John McCormick, Royal Bank of Scotland Group Plc’s Asia-Pacific chairman, expects growth from the region to continue with Japan lagging behind India, China and Australia. He commented in an interview with Bloomberg television today at the World Economic Forum in the northeastern Chinese city of Dalian.
On where RBS expects to see growth in Asia:
“We see the growth in India, we see the growth in China and interestingly we see continued growth in a very sophisticated, demanding market in Australia where we’ve got a very strong position.
‘‘We see Japan continuing to be somewhat of a laggard. ‘‘Southeast Asia will continue to provide us with opportunities from time to time as increasingly Asian champions from all over the Asia-Pacific go on the hunt for opportunities.’’
On Growth Through Acquisitions:
‘‘We have no intention of any in-organic growth at all. We’re three years into a five year strategic plan. We’re absolutely delivering on that plan.’’
On the bank’s stock price:
‘‘The industry share prices right across the globe have come down and the banks are under a lot of pressure.
‘‘The work we have to do is stay very focused on our clients and delivering day-in and day-out. That will generate the earnings to get the dividends going on the shares again. ‘‘That will allow many more investors to come into our stock and that’s what’s going to drive the share price up.’’
‘‘Food-price inflation is a big headache in India, certain parts of China and certain parts of southeast Asia. If you talk about energy prices, many economies in Asia for example still subsidize the end user, and that hasn’t fed through to inflation.’’

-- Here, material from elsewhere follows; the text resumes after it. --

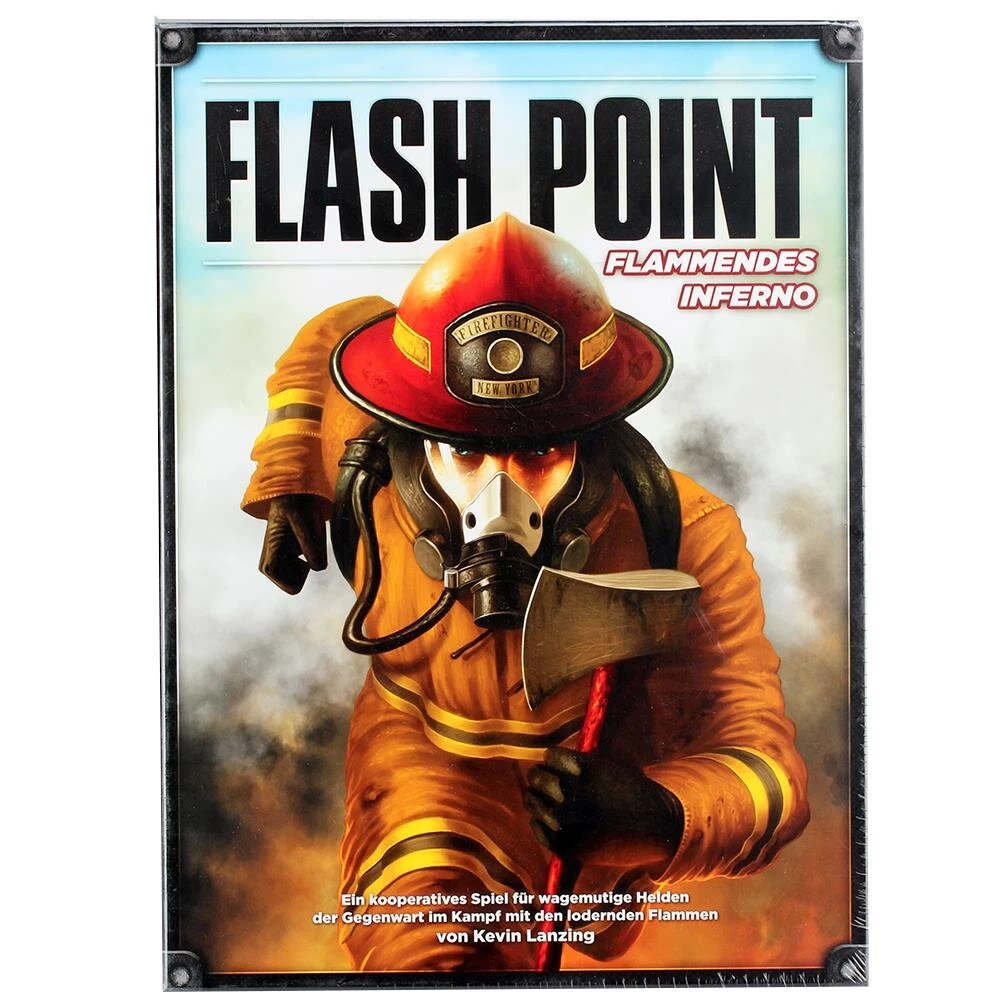 Indie Boards & Cards Flash Point - Flammendes Inferno 1 Indie Boards & Cards Flash Point - Flammendes Inferno
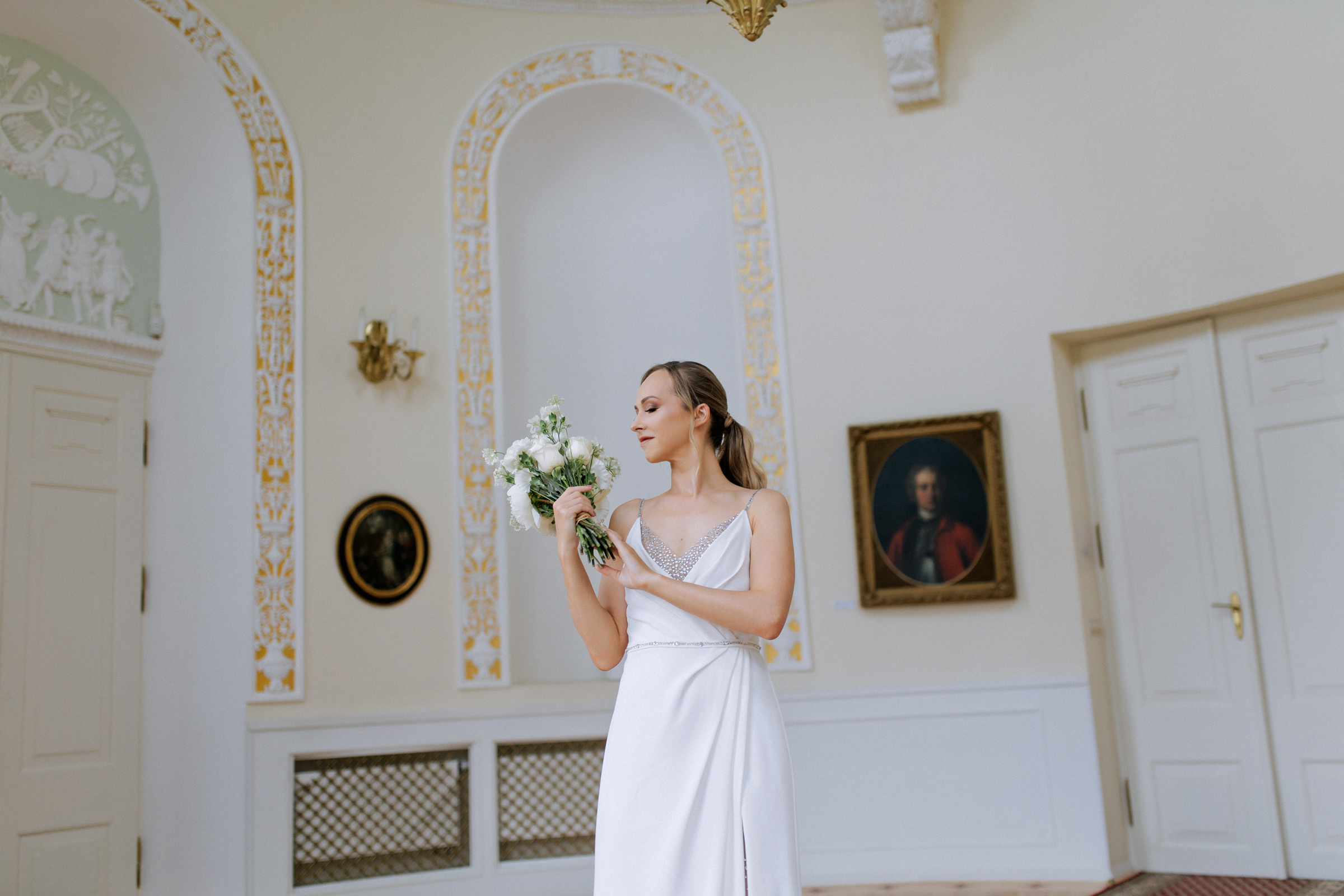 Vestuvinė fotosesija Paežerių dvare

On whether China’s exchange rate:
‘‘They’re using Hong Kong as an incubator center with which they’re trying all of this internationalization of the RNB. They’re using Singapore also as a center. They also have swap and liquidity arrangements with Korea.
‘‘Convertibility in terms of the capital account will be something they do in their own good time. They will create swap arrangements through the People’s Bank of China through each of the central banks in the United Kingdom, in Singapore, Hong Kong and Korea and probably other centers going forward.
‘‘They will do it on a staggered basis. It’s the control of that lever -- getting the liquidity money from offshore back to onshore -- is the key as to when they open up the capital account for the real movement of goods and services, particularly financial products.